Os números apresentados para o Brasil, que exigem maior estudo e atenção, indicam que a maior emissão de GEE ocorre na mudança e uso de terras e florestas seguido da produção agropecuária. Nas edificações chega a ser irrelevante.

“O Código Florestal, legislação pioneira no mundo na questão, não é cumprido”

Problema brasileiro

Nosso problema é o desmatamento, em claro descontrole, pois na região da Amazônia cresceu 9,5 % de 2019 a 2020, mesmo com Exército na região. O enfrentamento do desmatamento ilegal, hoje basicamente em invasões de terras públicas, precisa ocorrer de imediato. A pactuação dos compromissos de recuperação ambiental previstos no Código Florestal é relevante, pois no mínimo implica na regeneração das áreas de preservação permanente. Somente acontecerá em sua plenitude através da validação dos CAR- Cadastro Ambiental Rural, processo com enorme atraso. O Código Florestal, legislação pioneira no mundo na questão, não é cumprido.

A agricultura brasileira já caminha firme na produção de baixo carbono, se destacando a nível mundial nesse quesito. Propostas que começam a ser trabalhadas no exterior colocam ao agricultor um novo produto, o carbono. A área de pastagens do Brasil é imensa, bastante degradada, o que representa importante potencial para a absorção de carbono. Faltam políticas que viabilizem esse desenvolvimento.

“Transferências financeiras devem ser vistas como penalização aos que não caminhem no rumo desejado e não facilitação para o não cumprimento do interesse de todos”

A questão dos dejetos e fermentação entérica na produção animal requer ainda maior rigor científico. Atualmente a transformação das toneladas do metano em equivalente gás carbônico ignora que o metano tem um ciclo de vida totalmente diverso do gás carbônico. Certamente um ponto que exigirá dedicação. A métrica da pecuária extensiva é totalmente diferente da intensiva existente nos países desenvolvidos.

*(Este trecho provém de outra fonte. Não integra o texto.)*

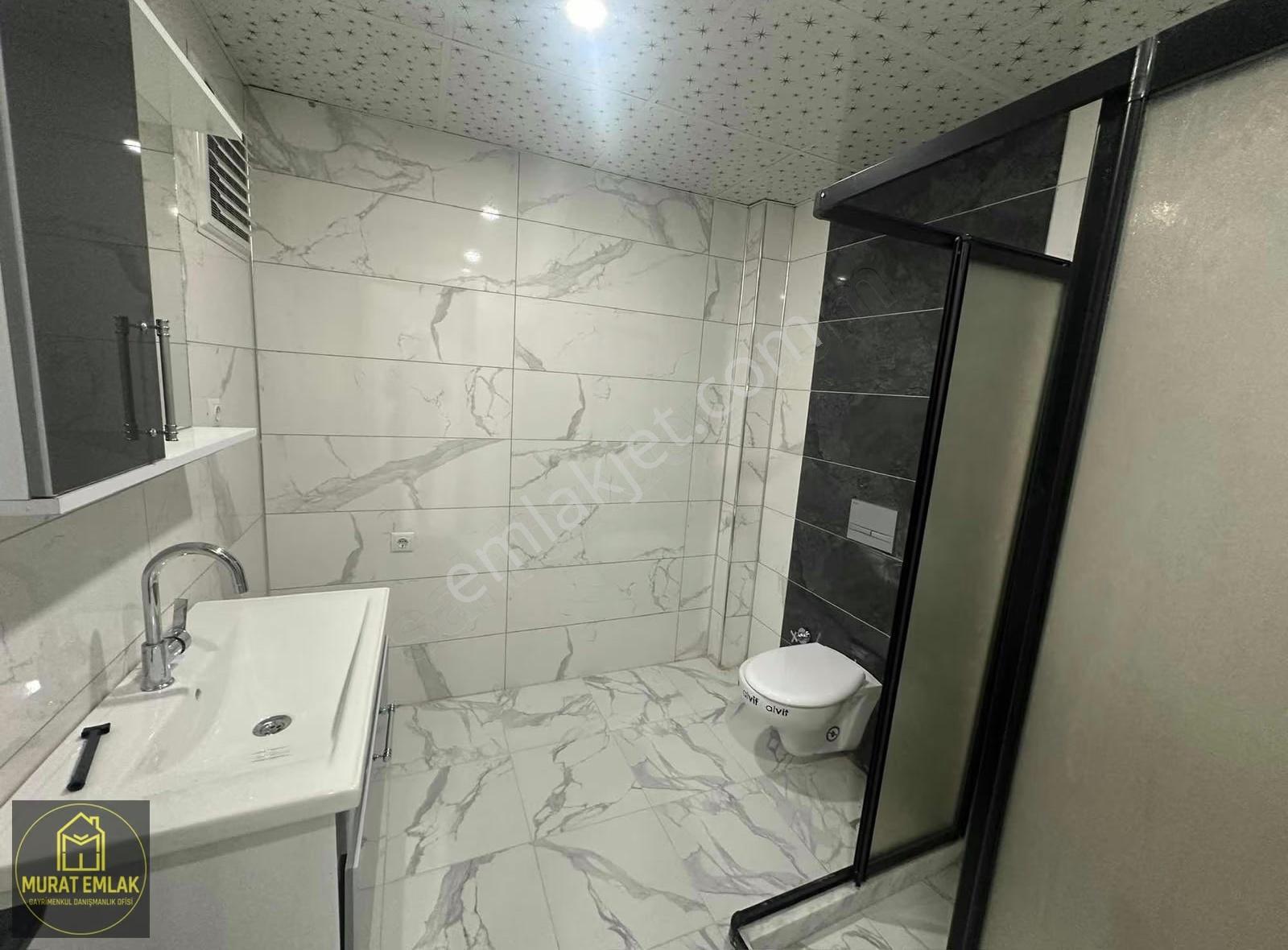 Murat Emlaktan Anacadde Üzeri Ultra Lüks Sıfır 3+1 Daire Kiralık - Görsel 4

No exterior o foco é no carro elétrico, embora ainda omitam esclarecer de onde virá a energia para carregar as baterias, o que altera radicalmente a emissão de GEE. O Brasil foi pioneiro no carro a álcool. Continuamos com o biodiesel. Somos o país da biomassa. Resta muito ainda a ser desenvolvido, porém está comprovada nossa capacidade de fotossíntese, a origem de muita energia. Temos tudo para continuar à frente.

A energia eólica teve crescimento no Nordeste ocupando importante lugar na atual matriz energética. A energia solar fotovoltaica tem amplo espaço para crescer até pelas nossas coordenadas geográficas.

Preparatória para a COP26 os países apresentaram suas metas climáticas, Contribuição Nacional Desenvolvida (NDC). O Brasil, como líder que era na questão, perdeu a oportunidade de pressionar os grandes emissores. Alterou, fragilizando a proposta, a metodologia para comparações entre valores de 2005 e reduções futuras que utilizou no passado. Pior, propôs negociar a antecipação da meta de zerar emissões líquidas mediante compensação financeira de países que assim não conseguirem. Transferências financeiras são previstas, porém, devem ser vistas como penalização aos que não caminhem no rumo desejado e não facilitação para o não cumprimento do interesse de todos na difícil questão climática.

A fragilidade representada pelas ilegalidades na região Amazônica nos prejudica muito. Precisamos chegar em Glasgow liderando as oportunidades para o desenvolvimento e nunca na defensiva na questão do desmatamento.